O update do driver GeForce R347 simplesmente desabilitou a capacidade de overclock de uma série de placas da empresa, especialmente chips de alto desempenho da série GTX 900M. Para deixar os consumidores ainda mais enfurecidos, a versão mais recente do programa ainda reduziu o clock original da GPU – o que, na verdade, já havia acontecido com outros drivers.

Mais uma polêmica envolvendo as placas de vídeo da NVIDIA.

Resposta da NVIDIA

Para acalmar os ânimos dos revoltados e dar uma resposta para o problema, um dos membros do suporte da NVIDIA deu a seguinte resposta no fórum da empresa:

"Infelizmente os notebooks com GeForce não foram projetados para suportar o overclocking. O overclock não é, de forma alguma, um recurso trivial e depende de design projetado cuidadosamente nos aspectos térmicos e elétricos e em outras considerações. Ao fazer o overclock em um notebook, o usuário corre o risco de causar um grande dano ao sistema, que pode resultar em sistemas não funcionais, vida reduzida do notebook ou muitos outros efeitos.

"Havia um bug introduzido nos nossos drivers que permitiam que alguns sistemas pudessem receber o overclock. Isso foi corrigido em um update recente. Nossa intenção não foi de remover recursos dos notebooks com GeForce, mas sim proteger os sistemas para impedir sua operação fora dos limites projetados."

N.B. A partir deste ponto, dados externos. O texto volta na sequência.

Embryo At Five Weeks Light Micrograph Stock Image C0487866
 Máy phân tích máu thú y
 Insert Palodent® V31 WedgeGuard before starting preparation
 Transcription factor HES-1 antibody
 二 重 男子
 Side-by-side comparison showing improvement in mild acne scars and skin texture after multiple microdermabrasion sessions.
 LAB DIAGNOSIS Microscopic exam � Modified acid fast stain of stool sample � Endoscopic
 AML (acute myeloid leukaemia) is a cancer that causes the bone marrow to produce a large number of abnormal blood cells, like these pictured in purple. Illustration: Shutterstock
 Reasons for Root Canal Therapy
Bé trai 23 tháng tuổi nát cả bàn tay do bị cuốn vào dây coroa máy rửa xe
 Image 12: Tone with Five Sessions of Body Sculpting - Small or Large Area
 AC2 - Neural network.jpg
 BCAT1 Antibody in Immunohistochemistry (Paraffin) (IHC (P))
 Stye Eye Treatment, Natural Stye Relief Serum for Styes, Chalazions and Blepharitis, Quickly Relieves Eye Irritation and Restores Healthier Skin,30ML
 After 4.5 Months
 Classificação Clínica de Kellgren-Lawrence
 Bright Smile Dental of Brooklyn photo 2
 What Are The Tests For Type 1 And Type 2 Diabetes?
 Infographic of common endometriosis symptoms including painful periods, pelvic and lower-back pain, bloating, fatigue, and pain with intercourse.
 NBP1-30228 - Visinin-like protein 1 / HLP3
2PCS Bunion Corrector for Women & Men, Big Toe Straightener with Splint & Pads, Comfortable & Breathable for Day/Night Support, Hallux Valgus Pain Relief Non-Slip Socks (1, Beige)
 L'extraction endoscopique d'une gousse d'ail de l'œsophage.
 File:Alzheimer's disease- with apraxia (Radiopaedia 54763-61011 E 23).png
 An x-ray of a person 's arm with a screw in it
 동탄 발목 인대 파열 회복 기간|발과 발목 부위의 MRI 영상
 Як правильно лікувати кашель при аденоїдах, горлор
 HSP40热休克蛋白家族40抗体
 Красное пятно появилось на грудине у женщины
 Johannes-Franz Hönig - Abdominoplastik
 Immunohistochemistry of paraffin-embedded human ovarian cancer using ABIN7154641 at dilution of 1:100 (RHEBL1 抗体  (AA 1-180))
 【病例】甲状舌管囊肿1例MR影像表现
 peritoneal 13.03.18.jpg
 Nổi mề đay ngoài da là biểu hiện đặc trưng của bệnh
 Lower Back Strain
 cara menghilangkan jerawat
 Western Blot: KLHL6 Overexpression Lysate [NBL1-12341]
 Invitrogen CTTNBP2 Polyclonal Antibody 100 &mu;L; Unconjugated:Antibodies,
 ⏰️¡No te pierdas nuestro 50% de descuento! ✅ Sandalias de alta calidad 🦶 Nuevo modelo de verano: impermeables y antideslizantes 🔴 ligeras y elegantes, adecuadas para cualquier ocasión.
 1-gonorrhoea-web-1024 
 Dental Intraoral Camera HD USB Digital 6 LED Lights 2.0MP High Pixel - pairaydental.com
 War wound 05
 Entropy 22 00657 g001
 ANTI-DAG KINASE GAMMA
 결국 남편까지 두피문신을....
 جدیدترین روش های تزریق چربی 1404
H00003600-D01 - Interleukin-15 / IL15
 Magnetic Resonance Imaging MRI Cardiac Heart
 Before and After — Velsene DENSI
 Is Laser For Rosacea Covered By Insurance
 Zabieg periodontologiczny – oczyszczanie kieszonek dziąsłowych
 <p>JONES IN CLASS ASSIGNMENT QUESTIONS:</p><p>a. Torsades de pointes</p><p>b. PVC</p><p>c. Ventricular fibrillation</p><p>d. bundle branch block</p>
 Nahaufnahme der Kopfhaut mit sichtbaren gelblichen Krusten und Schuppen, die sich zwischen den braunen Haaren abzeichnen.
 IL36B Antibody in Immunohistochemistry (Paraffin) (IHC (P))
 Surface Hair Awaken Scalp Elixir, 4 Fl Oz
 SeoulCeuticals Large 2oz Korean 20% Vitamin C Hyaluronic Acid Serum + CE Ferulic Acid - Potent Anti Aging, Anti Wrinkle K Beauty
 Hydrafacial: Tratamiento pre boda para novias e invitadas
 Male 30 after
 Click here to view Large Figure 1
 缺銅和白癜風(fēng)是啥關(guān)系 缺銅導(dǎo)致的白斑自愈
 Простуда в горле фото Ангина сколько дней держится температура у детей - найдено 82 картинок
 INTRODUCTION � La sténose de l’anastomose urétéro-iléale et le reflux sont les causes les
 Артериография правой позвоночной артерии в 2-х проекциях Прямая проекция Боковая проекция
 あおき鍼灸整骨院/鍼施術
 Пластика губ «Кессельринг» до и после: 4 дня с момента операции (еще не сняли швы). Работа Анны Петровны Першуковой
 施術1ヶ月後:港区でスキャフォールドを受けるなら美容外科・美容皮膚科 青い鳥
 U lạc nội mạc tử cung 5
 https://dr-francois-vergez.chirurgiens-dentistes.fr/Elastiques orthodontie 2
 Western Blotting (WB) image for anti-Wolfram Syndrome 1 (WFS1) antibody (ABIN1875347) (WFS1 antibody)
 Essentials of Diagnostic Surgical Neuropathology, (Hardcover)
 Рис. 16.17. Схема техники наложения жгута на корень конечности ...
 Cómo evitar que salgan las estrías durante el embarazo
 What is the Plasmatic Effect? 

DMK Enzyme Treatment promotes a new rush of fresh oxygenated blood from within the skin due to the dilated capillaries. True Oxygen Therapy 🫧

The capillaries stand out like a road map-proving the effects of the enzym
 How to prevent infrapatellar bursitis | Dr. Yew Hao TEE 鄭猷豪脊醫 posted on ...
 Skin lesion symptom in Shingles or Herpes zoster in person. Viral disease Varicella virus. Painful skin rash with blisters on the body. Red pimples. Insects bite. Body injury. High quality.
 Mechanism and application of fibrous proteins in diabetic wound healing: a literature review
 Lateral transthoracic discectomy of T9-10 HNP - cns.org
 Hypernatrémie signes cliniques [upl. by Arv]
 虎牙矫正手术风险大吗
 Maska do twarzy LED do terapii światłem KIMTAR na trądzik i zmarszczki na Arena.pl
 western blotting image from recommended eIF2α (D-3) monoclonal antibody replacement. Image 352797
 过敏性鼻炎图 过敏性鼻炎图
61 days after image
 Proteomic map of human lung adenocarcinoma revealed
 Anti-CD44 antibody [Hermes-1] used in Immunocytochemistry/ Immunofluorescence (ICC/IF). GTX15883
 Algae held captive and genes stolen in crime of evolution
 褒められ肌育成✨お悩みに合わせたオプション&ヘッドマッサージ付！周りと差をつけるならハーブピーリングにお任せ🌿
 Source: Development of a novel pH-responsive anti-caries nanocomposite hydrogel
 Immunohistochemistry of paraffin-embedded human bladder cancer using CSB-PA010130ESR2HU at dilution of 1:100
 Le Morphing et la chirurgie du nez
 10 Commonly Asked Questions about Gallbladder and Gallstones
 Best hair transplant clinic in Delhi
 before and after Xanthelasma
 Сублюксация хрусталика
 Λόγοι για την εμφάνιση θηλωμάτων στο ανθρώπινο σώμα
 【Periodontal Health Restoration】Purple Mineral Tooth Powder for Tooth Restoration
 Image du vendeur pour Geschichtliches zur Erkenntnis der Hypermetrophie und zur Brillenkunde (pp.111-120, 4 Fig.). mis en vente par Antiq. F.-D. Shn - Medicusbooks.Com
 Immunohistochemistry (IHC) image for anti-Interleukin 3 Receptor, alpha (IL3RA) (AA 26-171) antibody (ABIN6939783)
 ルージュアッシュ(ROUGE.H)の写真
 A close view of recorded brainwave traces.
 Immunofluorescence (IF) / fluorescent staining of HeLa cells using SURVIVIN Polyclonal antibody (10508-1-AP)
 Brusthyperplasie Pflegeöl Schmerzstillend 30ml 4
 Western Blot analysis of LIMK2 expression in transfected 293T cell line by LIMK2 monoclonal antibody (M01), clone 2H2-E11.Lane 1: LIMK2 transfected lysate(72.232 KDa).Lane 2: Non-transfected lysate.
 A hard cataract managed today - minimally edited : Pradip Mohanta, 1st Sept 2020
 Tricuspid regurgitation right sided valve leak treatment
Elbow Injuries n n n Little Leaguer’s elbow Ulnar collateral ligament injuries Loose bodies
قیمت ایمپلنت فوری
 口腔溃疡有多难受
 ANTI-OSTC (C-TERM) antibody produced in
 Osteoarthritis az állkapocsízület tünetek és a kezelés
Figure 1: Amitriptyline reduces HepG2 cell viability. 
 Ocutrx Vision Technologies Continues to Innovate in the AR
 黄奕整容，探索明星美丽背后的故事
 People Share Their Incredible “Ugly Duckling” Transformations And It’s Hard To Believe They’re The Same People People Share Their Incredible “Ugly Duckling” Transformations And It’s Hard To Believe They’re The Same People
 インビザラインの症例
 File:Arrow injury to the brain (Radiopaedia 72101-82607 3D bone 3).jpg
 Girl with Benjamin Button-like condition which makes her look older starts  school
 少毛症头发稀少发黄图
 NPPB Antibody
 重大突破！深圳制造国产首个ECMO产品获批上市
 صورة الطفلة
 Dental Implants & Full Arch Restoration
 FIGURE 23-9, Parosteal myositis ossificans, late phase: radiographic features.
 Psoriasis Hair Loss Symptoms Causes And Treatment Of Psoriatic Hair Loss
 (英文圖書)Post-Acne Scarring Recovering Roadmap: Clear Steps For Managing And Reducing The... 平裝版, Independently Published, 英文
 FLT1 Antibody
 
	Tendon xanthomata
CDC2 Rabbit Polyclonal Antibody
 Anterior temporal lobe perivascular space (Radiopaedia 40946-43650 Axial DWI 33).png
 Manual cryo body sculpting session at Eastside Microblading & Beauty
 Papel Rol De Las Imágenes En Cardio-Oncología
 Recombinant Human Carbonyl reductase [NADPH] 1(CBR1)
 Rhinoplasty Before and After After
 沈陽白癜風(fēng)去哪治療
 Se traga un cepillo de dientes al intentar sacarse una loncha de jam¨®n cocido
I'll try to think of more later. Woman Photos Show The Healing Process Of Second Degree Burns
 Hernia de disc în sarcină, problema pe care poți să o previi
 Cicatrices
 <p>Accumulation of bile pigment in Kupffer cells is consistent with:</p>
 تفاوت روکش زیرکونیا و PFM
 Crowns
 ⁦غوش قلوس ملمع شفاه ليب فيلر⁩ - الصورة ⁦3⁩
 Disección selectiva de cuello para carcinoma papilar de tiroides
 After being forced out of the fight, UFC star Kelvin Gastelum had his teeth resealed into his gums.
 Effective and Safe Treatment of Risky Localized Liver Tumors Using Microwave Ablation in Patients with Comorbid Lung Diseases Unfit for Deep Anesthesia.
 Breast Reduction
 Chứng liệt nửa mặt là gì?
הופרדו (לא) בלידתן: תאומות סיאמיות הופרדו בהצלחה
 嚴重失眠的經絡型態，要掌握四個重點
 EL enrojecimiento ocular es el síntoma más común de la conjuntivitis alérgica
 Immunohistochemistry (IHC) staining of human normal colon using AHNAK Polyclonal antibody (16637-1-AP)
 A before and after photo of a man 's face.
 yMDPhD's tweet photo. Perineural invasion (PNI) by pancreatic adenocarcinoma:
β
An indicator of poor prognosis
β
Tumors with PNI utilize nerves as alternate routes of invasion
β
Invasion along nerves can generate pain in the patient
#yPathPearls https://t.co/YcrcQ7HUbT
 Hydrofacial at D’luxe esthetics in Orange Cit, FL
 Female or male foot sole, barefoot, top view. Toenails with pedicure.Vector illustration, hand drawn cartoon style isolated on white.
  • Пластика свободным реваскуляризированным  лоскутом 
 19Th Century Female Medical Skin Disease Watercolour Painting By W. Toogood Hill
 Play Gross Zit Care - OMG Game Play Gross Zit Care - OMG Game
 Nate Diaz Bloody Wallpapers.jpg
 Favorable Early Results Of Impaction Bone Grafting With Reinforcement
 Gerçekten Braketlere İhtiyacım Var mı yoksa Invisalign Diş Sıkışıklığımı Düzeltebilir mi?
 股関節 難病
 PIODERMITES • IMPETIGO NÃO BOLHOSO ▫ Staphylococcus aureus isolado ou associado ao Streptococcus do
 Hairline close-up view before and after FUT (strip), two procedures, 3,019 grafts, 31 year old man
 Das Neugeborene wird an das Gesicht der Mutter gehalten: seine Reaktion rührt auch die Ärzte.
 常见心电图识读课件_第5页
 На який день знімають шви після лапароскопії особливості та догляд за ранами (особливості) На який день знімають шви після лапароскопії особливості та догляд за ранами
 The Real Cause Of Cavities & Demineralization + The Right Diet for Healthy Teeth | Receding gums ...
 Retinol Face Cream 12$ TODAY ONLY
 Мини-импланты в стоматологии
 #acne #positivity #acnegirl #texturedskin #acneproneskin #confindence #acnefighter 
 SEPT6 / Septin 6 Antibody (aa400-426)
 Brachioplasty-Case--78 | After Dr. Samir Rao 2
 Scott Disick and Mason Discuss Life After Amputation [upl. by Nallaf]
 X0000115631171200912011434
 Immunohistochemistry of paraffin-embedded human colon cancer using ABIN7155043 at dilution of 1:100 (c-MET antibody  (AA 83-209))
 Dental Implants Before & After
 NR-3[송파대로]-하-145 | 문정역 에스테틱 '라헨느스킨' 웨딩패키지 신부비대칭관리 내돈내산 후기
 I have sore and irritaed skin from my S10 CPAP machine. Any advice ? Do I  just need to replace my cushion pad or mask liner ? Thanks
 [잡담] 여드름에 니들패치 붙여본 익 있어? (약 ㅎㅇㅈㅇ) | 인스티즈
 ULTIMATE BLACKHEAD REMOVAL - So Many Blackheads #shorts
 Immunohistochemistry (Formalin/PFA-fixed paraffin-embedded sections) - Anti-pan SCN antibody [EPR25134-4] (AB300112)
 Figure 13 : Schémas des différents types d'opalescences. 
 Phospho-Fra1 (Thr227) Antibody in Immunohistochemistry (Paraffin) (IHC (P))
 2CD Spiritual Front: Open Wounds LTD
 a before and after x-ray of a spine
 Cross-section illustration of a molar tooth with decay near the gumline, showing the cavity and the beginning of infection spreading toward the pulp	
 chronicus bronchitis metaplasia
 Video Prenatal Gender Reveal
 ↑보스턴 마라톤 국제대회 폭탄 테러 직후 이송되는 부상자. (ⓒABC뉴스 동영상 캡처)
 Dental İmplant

Fabricantes "venderam" o overclock como um recurso para os consumidores.

O problema: propagandas enganosas

A simples redução do clock ou a retirada da capacidade de overclock poderia não ter causado tanto alvoroço se não fosse um pequeno detalhe: várias fabricantes de notebooks venderam seus produtos destacando o recurso removido pela atualização como algo a mais para os consumidores. Portanto, quem sofreu com o corte de desempenho está se sentindo enganado por essas empresas.

Porém, segundo a NVIDIA, o overclock nas versões móveis das placas da série 900 nunca deveria ter sido usado como recurso de marketing. Afinal, quem está errado nessa situação toda? A NVIDIA ou as fabricantes de notebooks? Para variar, quem paga o preço somos nós, os consumidores.

Resposta da NVIDIA sobre o caso

Depois de ficar sabendo da publicação dessa matéria, a Assessoria de Imprensa da NVIDIA entrou em contato com o TecMundo para repassar a resposta oficial da companhia sobre o assunto. Confira:

"Como vocês sabem, estamos constantemente ajustando e otimizando o desempenho do seu PC GeForce. Somos extremamente cuidadosos com cada otimização possível para que você possa desfrutar de uma máquina perfeitamente estável que equilibre a temperatura, a energia e o desempenho acústico do jogo. Ainda assim, muitos de vocês gostam de impulsionar ainda mais o sistema com overclocking. Nossa atualização de driver recente desativa o overclocking em alguns notebooks GTX. Ouvimos que muitos de vocês gostariam que esse recurso fosse ativado novamente. Então, iremos reativar o overclocking na nossa próxima versão do driver, prevista para o próximo mês, para os notebooks afetados. Se você está ansioso para recuperar o recurso, também é possível reverter para a versão do drive 344.75".